For $a_1,...,a_n,b_1,...,b_n>0,\quad$ define $a:=\sum a_i,\ b:=\sum b_i,\ s:=\sum \sqrt{a_ib_i}$.
Is the following inequality true?: $${\frac{\Bigl(\prod a_i^{a_i}\Bigr)^\frac1a}a \cdot \frac{\left(\prod b_i^{b_i}\right)^\frac1b}b \le\left(\frac{\prod (a_ib_i)^{ \sqrt{a_ib_i}}}{s^{2s}}\right)^\frac s{ab}}.$$ If true, how can I prove it? And if not true, is there a counter-example?

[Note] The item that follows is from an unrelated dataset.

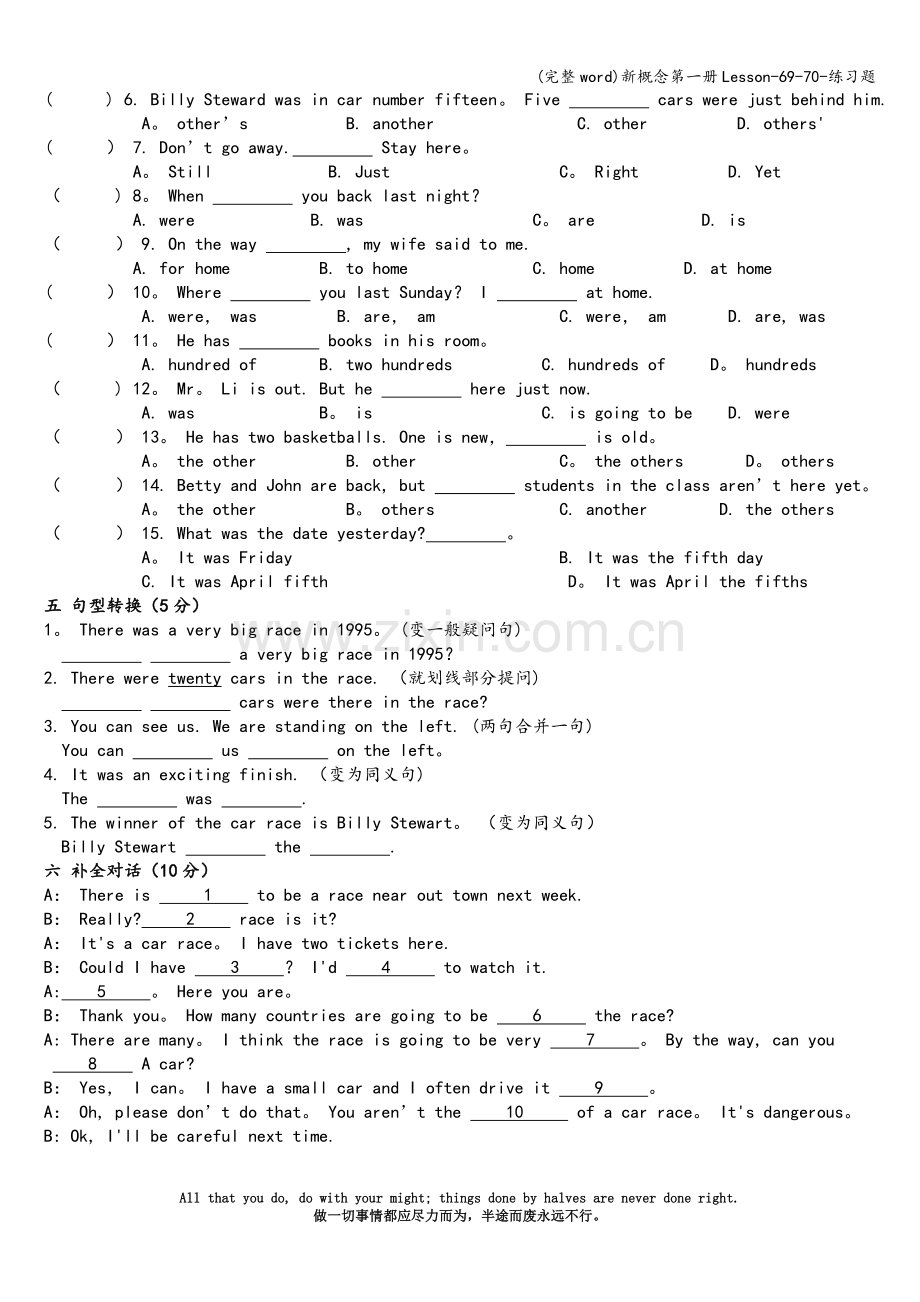 新概念第一册Lesson-69-70-练习题.doc_第2页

An alternate formulation of this inequality, as suggested by cardinal is
$$\sum_i x_i^2 \log x_i^2 + \sum_i y_i^2 \log y_i^2 \leq \rho^2 \sum_i \frac{x_iy_i}{\rho} \log \frac{x_iy_i}{\rho} \; ,$$
in which $x_i,y_i>0$, $\sum_i x_i^2 = \sum_i y_i^2 = 1$ and $\sum_i x_i y_i = \rho$. It can be found by taking the logarithm of the original expression and defining $x_i=\sqrt{a_i/a}$ and $y_i=\sqrt{b_i/b}$.